For the first time in our history, U.S. prisons house over a million inmates, enough to populate a city larger than San Francisco. Building prisons is the new growth industry, as the American public reacts to a perceived increase in violence and politicians take a hard line toward crime. But this eagerness to construct more prisons raises basic questions about what the community wants and will tolerate and what the Supreme Court will sanction.
In this timely book, Norman Finkel looks at the relationship between the “law on the books,” as set down in the Constitution and developed in cases and decisions, and what he calls “commonsense justice,” the ordinary citizen’s notions of what is just and fair. Law is an essentially human endeavor, a collection of psychological theories about why people think, feel, and behave as they do, and when and why we should find some of them blameworthy and punishable. But is it independent of community sentiment, as some would contend? Or, as Finkel suggests, do juries bring the community’s judgment to bear on the moral blameworthiness of the defendant? When jurors decide that the law is unfair, or the punishment inappropriate for a particular defendant, they have sometimes nullified the law.

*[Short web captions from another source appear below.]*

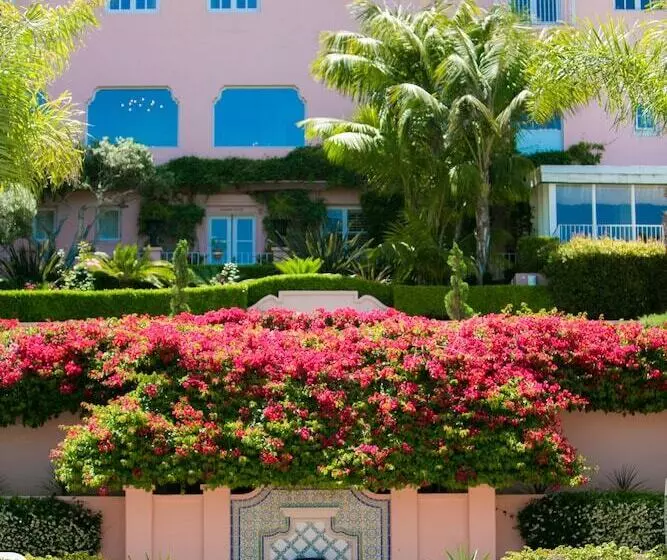 ホテル La Valencia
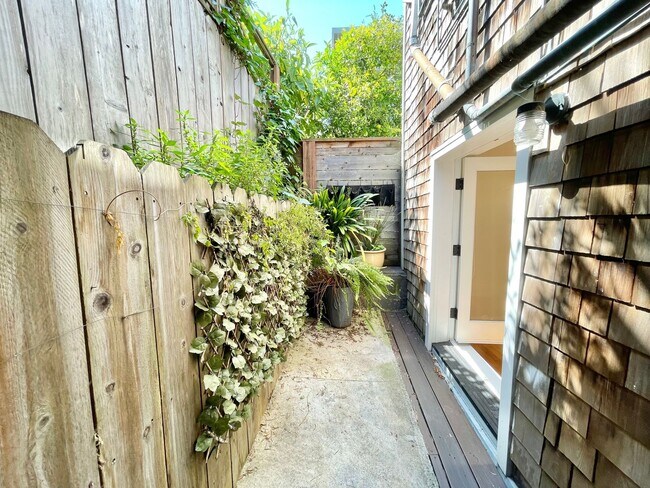 Building Photo - Castro/ Eureka Valley Full Floor Remodeled Victorian Condo in a Garden Setting - PROGRESSIVE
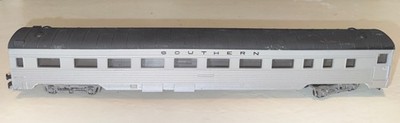 HO Scale Con-Cor Southern Passenger Coach  C53092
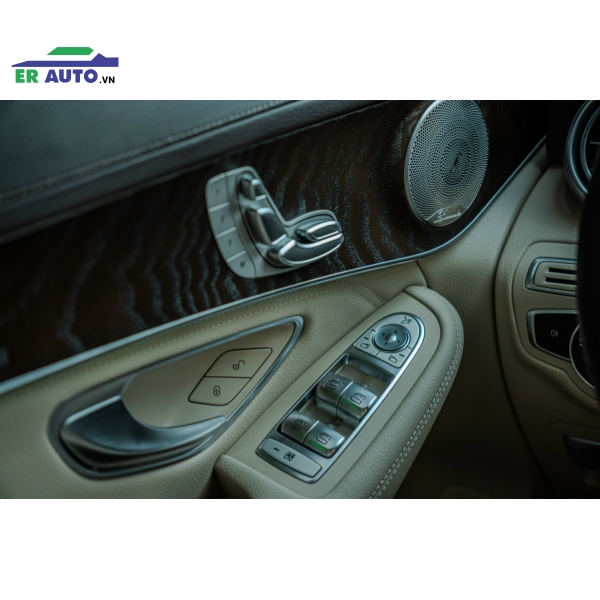 Mercedes GLC200 4MATIC 2021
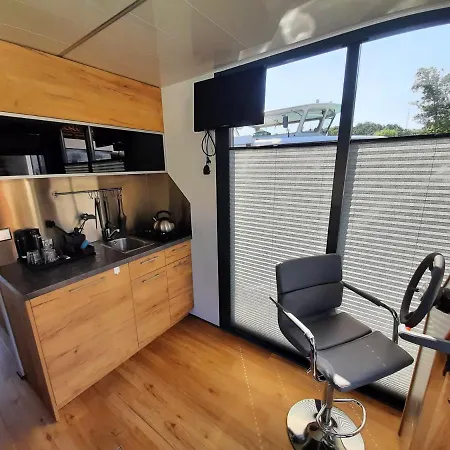 Plywajace Houseboat4u, Mazury Apartment *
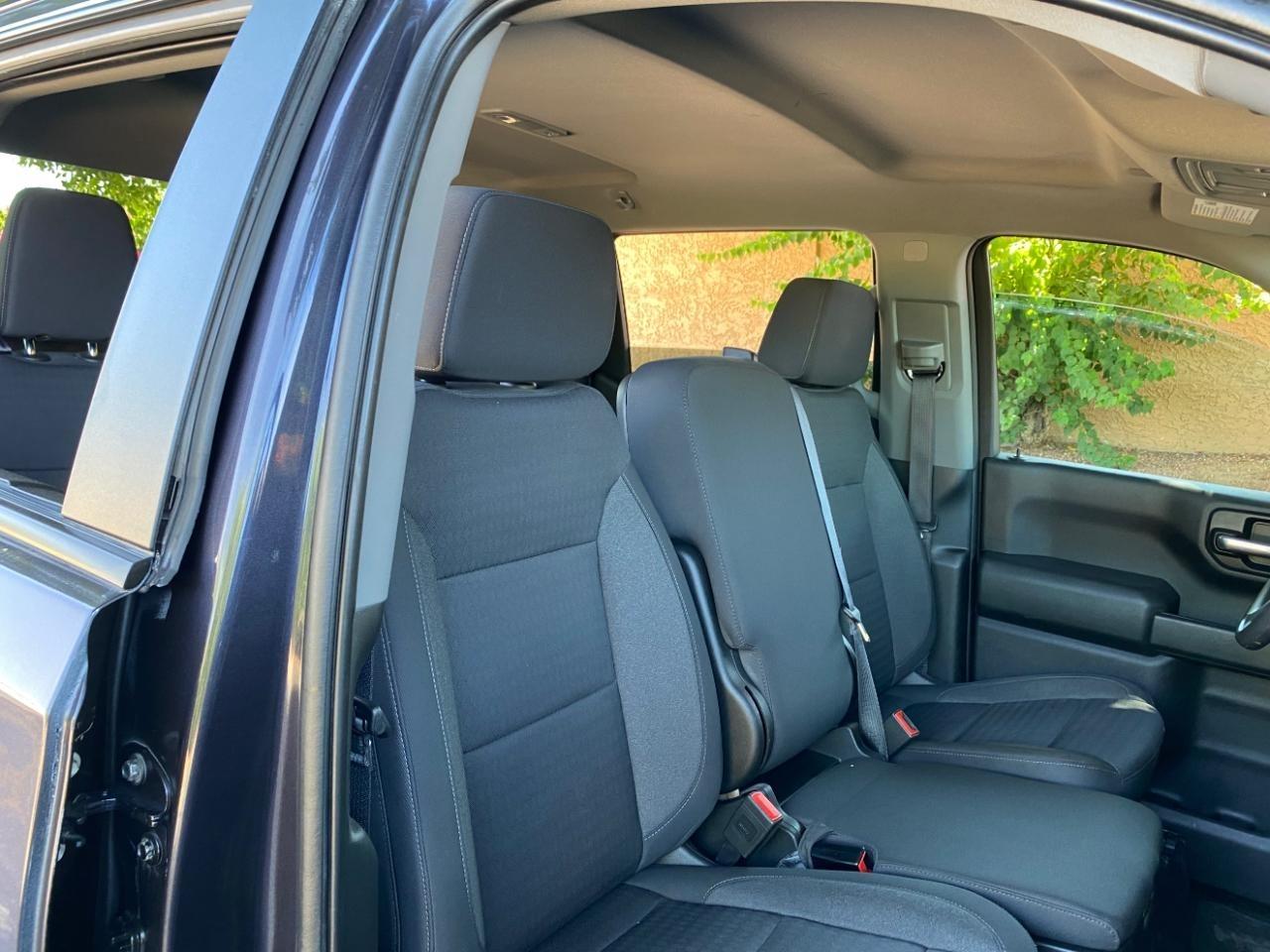 Chevrolet Silverado 1500 Custom Crew Cab 2WD 2023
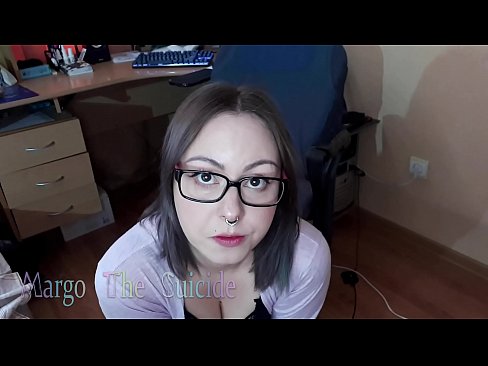 ❤️ Көзілдірік киген сексуалды қыз камерада дилдоны терең сорып алады ☑ Порно бойынша бізде ❌❤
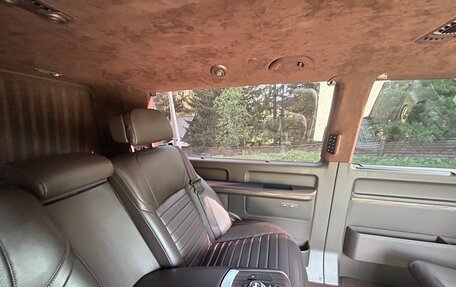 Volkswagen Multivan T6 рестайлинг, 2018 год, 3 590 000 рублей, 27 фотография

Nullification represents the jury’s desire not to defeat but “to perfect and complete” the law. It is the “no confidence” vote of commonsense justice refusing to follow the path the law has marked out—and pointing to a new path based on what seem to be more just grounds. Finkel brings to life the story behind the jury and judicial decisions, interweaving anecdotes, case law, and social science research to present a balanced and comprehensive view of important legal and social policy issues.